Actively look for and fix these issues when touching code:
- vague or misleading names
- duplicated logic
- oversized functions
- oversized classes or modules
- mixed abstraction levels
- hidden side effects
- boolean control flags
- long parameter lists
- deep nesting
- excessive conditionals that should be isolated or polymorphic
- comment-heavy code that should be refactored instead
- dead code and unused abstractions
- fragile tests
- environment-dependent tests without need
- unnecessary indirection
- accidental complexity
- coupling that spreads change broadly
- build or tests requiring more than one manual step
- code at the wrong level of abstraction
- base classes depending on derivatives
- transitive navigation through object internals
- artificial coupling between unrelated concepts
- hidden logical dependencies
- unimplemented obvious behavior
- incorrect boundary behavior
- overridden safeties
- magic numbers without named meaning
- negative conditionals that obscure intent
- ignored tests and insufficient boundary tests
- functions that require readers to understand an algorithm before they can trust the name
For every non-trivial task:
- Understand the intent and affected behavior.

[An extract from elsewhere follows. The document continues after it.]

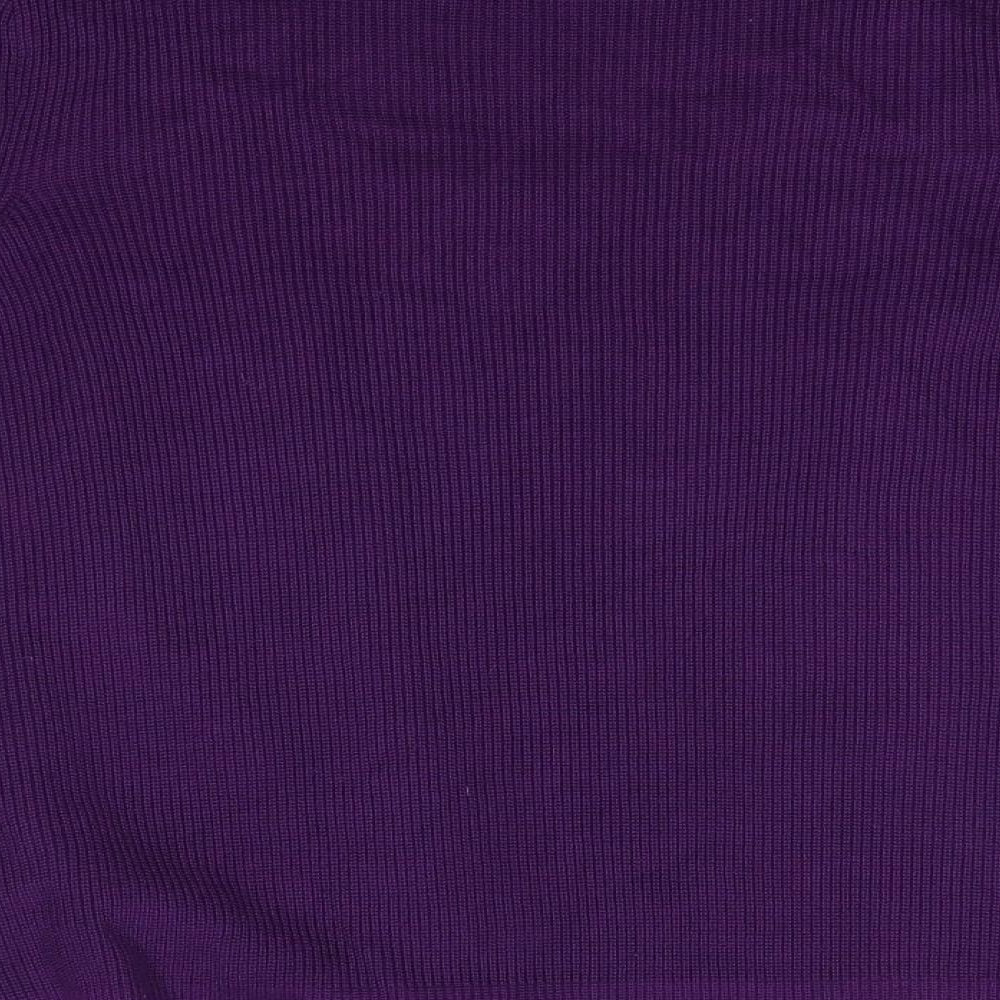 M&S Womens Purple Round Neck Acrylic Cardigan Jumper Size 14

- Identify the simplest correct change.
- Improve names before adding comments.
- Keep edits localized when possible.
- Add or update tests as needed.
- Run relevant validation.
- Review the diff for readability, duplication, and unnecessary complexity.
- Ensure the final code is cleaner than before.
- Prefer explicit, boring, maintainable solutions.
- Prefer standard library and existing project patterns over new dependencies.
- Do not add a dependency unless it clearly reduces overall complexity.
- Reuse established project conventions unless they conflict with these rules or the user explicitly asks otherwise.
- Keep interfaces small.
- Keep state transitions obvious.
- Avoid premature optimization.
- Optimize only when there is evidence or a known requirement.
Before finishing, verify all of the following:
- Names reveal intent.
- Functions are small and focused.
- Classes and modules have clear responsibilities.
- Comments are necessary and accurate.
- Error handling is explicit and useful.
- Duplication was removed where reasonable.
- Tests cover the changed behavior appropriately.
- The code reads cleanly from top to bottom.
- The design is simpler or at least not more complex than before.
- The change follows existing project conventions.
When making changes:
- Briefly explain what changed.
- State what tests or checks were run.
- Call out any unresolved risk, assumption, or trade-off.
- If a requested change conflicts with these rules, follow the user request but mention the conflict explicitly.
- Do not introduce misleading names.
- Do not keep duplicated logic without a strong reason.
- Do not add comments where better code would remove the need.
- Do not mix querying with mutation without a strong reason.
- Do not silently broaden scope beyond the requested task.
- Do not leave touched code less readable than before.